Drop all pictures and repeat exactly the lines from the line holding "Cafe Gala - Dirty" through the end of the records.

▶ _Data for this task_
::::

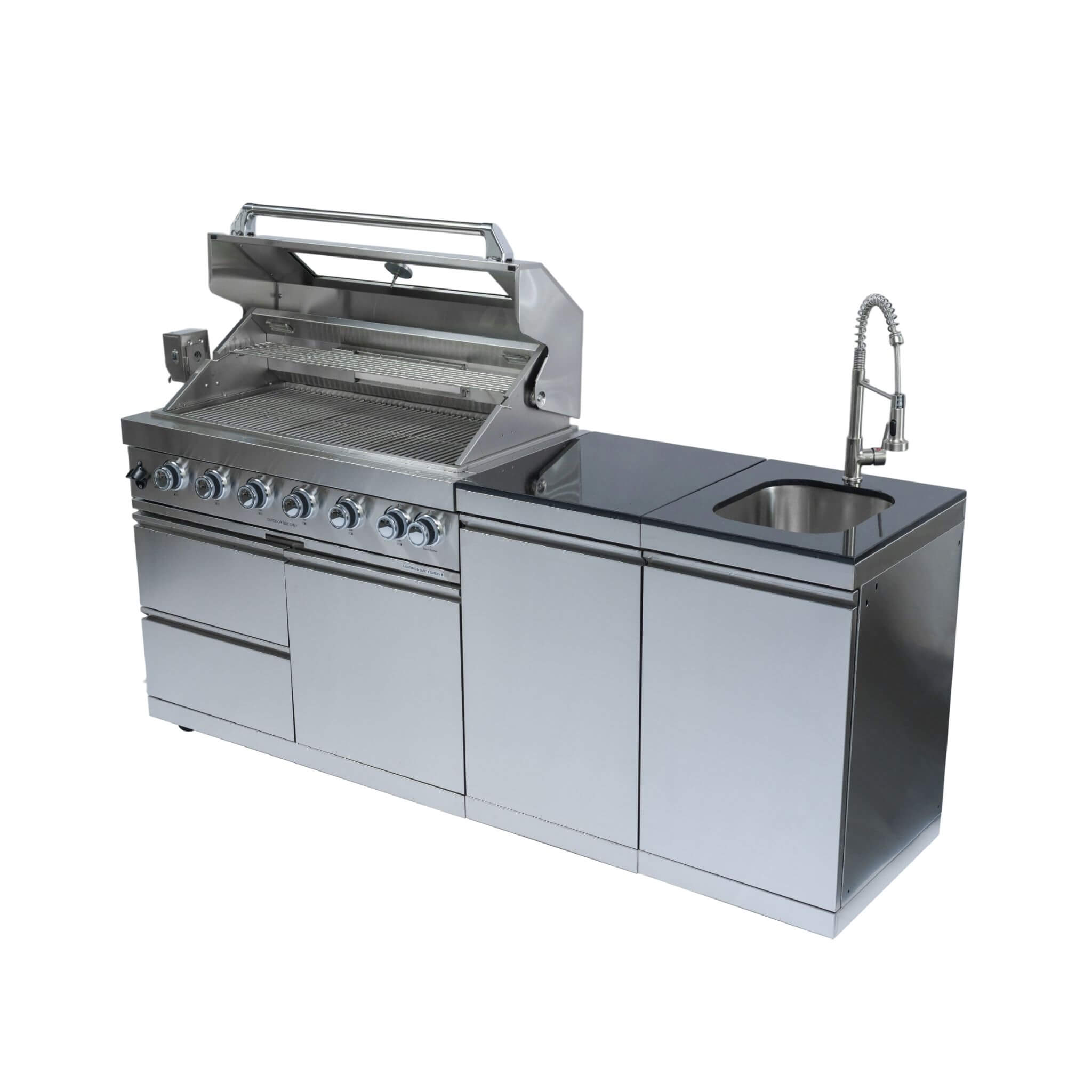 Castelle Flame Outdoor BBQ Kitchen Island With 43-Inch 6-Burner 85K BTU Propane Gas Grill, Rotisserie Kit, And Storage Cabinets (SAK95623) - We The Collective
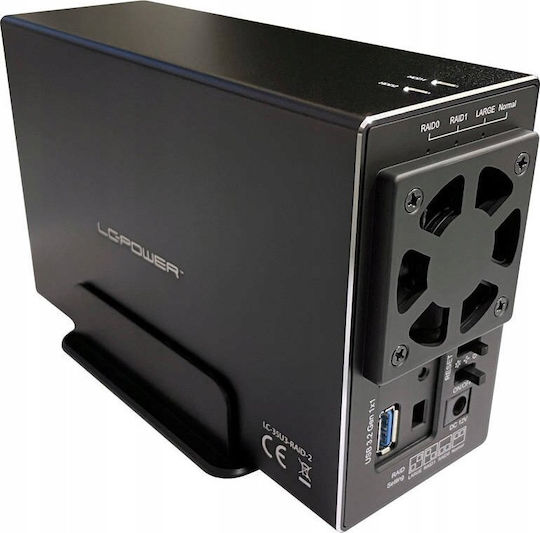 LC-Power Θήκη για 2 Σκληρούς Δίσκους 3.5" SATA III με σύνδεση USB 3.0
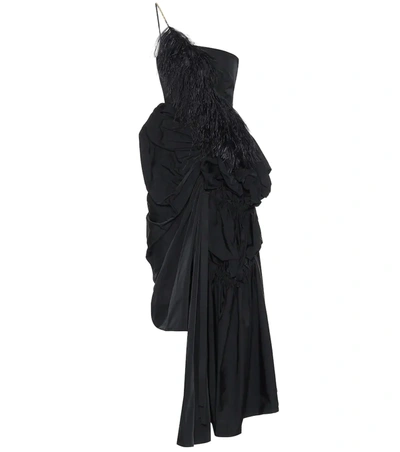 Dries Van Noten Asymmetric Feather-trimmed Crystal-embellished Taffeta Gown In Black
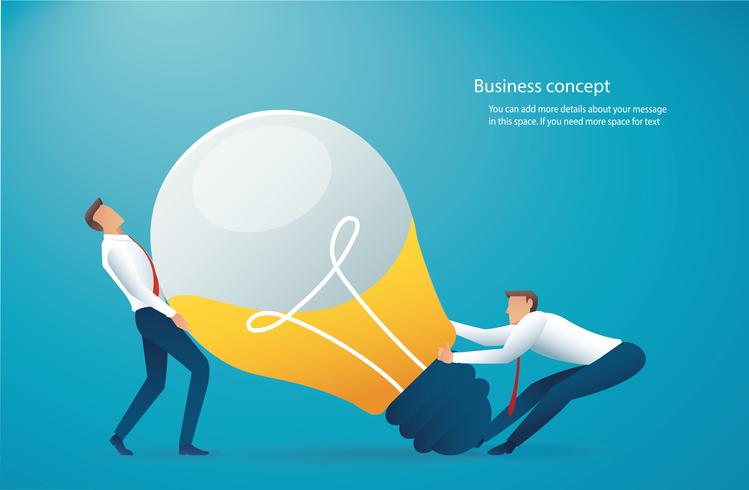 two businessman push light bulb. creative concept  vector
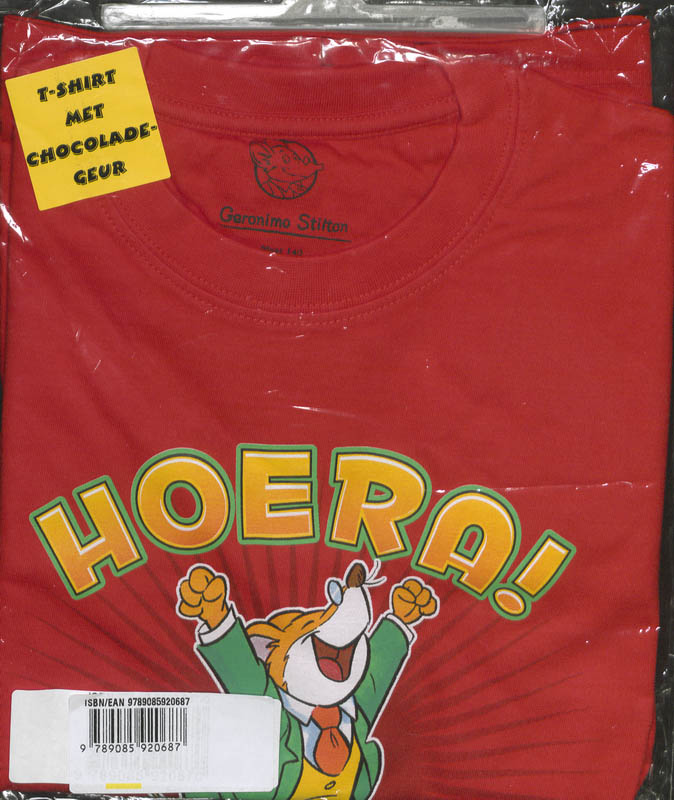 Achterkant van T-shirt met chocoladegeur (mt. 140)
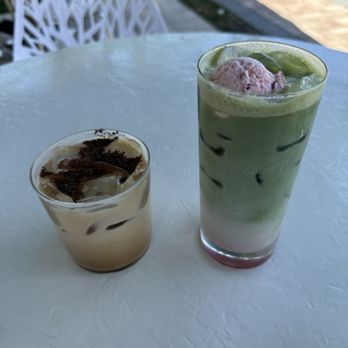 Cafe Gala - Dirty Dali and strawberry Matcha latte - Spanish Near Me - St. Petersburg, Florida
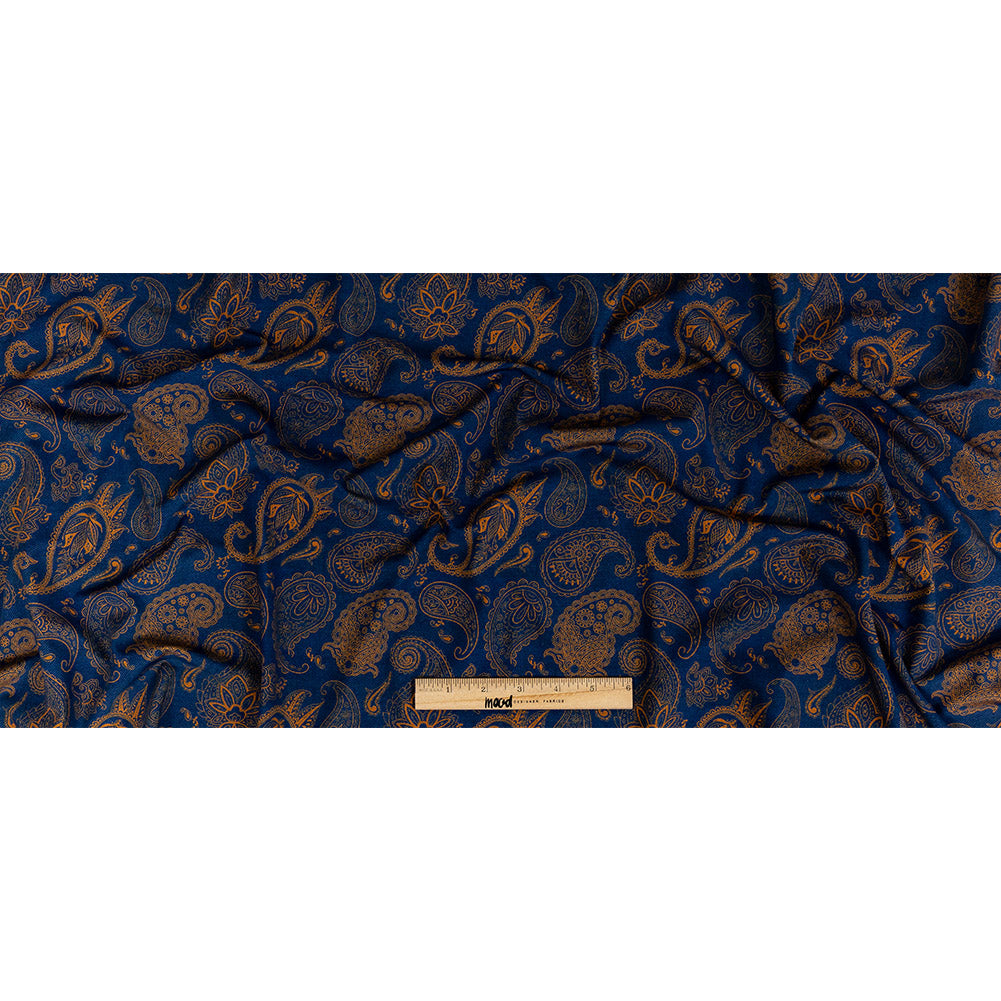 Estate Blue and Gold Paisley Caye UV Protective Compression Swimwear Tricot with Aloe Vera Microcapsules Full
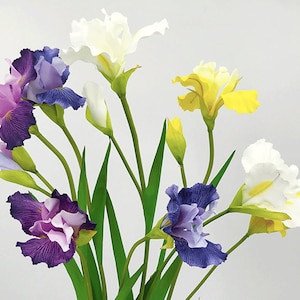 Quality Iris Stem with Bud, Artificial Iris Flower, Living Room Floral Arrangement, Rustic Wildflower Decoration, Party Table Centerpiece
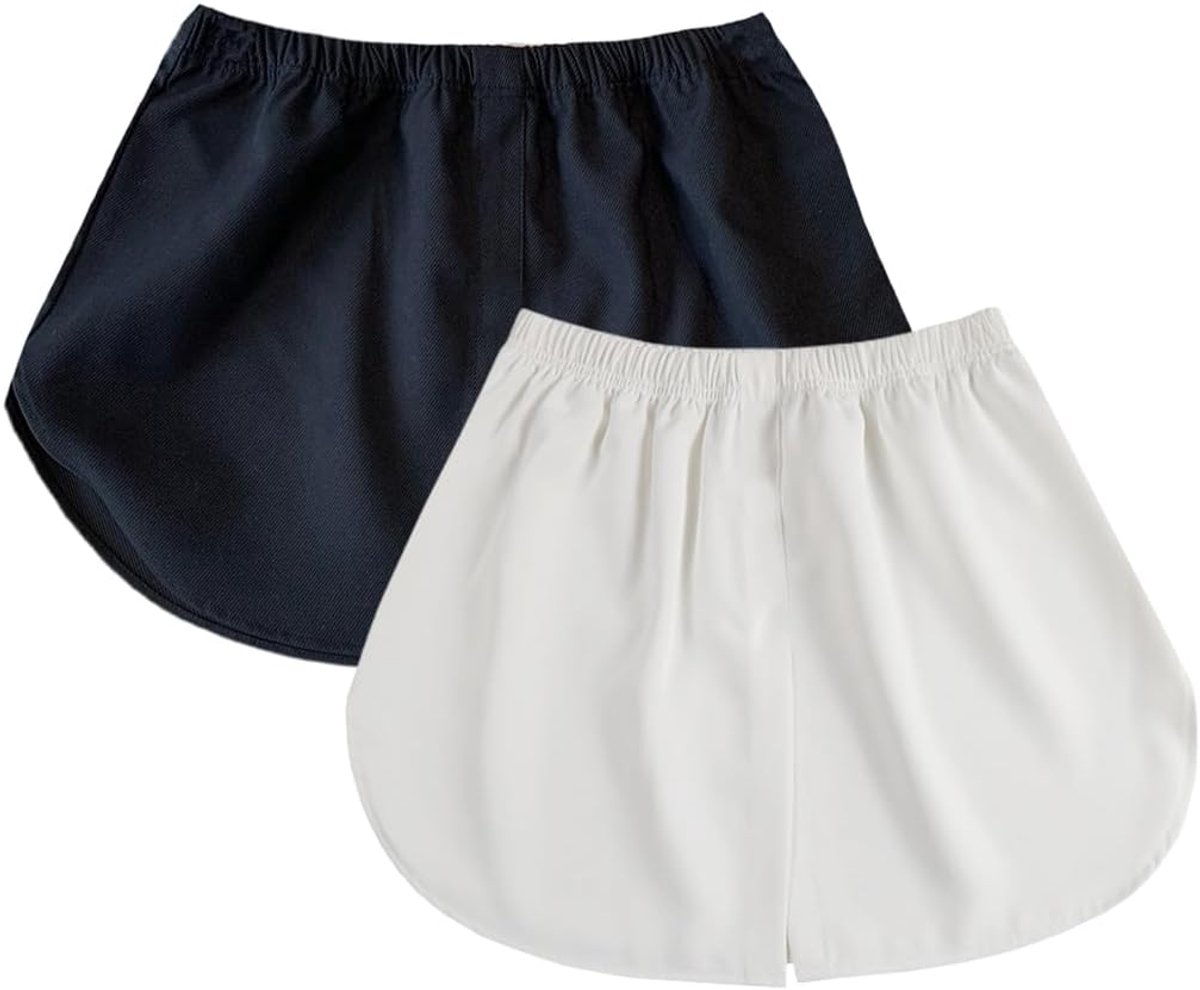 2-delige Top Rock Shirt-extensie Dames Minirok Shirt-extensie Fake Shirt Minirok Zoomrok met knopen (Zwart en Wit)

::::

▶ _Answer below_
 Cafe Gala - Dirty Dali and strawberry Matcha latte - Spanish Near Me - St. Petersburg, Florida
 Estate Blue and Gold Paisley Caye UV Protective Compression Swimwear Tricot with Aloe Vera Microcapsules Full
 Quality Iris Stem with Bud, Artificial Iris Flower, Living Room Floral Arrangement, Rustic Wildflower Decoration, Party Table Centerpiece
 2-delige Top Rock Shirt-extensie Dames Minirok Shirt-extensie Fake Shirt Minirok Zoomrok met knopen (Zwart en Wit)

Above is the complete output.